Abstract Information :

As highlighted by the text of the Minamata Convention on Mercury (MCM), the monitoring of mercury (Hg) as a global pollutant is increasingly at the centre of political and scientific attention. The Global Mercury Observation System (GMOS) network, designed in 2010 and still operating as part of the Global Observation System for Mercury (GOS4M) GEO Flagship, is one of the existing monitoring programmes recognized to support the MCM effectiveness evaluation, by providing comparable data of atmospheric Hg measurements from over 35 ground-based stations distributed worldwide. Among the GMOS stations, the High-Altitude Observatory located at Monte Curcio, Italy (MCU - 1796 m a.s.l,) represents a key infrastructure in understanding the global cycle and fate of Hg. MCU is a regional station of the Global Atmosphere Watch (GAW) program, established by the World Meteorological Organization (WMO) located within the Sila National Park, in the southern Apennines, which benefits from a strategic location in the centre of the Mediterranean basin, allowing the advantage of intercepting long-range transported air masses.
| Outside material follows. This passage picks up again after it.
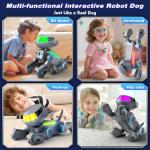 VATOS Kid Smart Robot Dog,Programmable Remote Control Robotic Dog with Bluetooth and Multi-Color LED Eyes, Singing Dancing USB Rechargeable Interactive Robot Puppy Toy for Boys Girls Ages 3-10 Grey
Continuous Total Gaseous Mercury (TGM) measurements have been carried out at the MCU station since 2019 by using the Tekran 2537X analyzer and following the Standard Operating Procedures (SOPs) developed within the GMOS project. The available TGM dataset for MCU showed levels ranging around an average of 1.35 ng/m3, with notable high daily values observed in conjunction with summer wildfire events. Seasonal trends demonstrated lower concentrations during spring and autumn while the most significant higher TGM values were recorded during winter. The restrictions due to the Covid-19 pandemic situation led to unusually low TGM values during winter 2021, thus giving the possibility of assessing in a sense a ?blank? condition. Influence of volcanic plumes linked to the recent increased paroxysmal episodes at the summit craters of the nearby Mt. Etna was also investigated.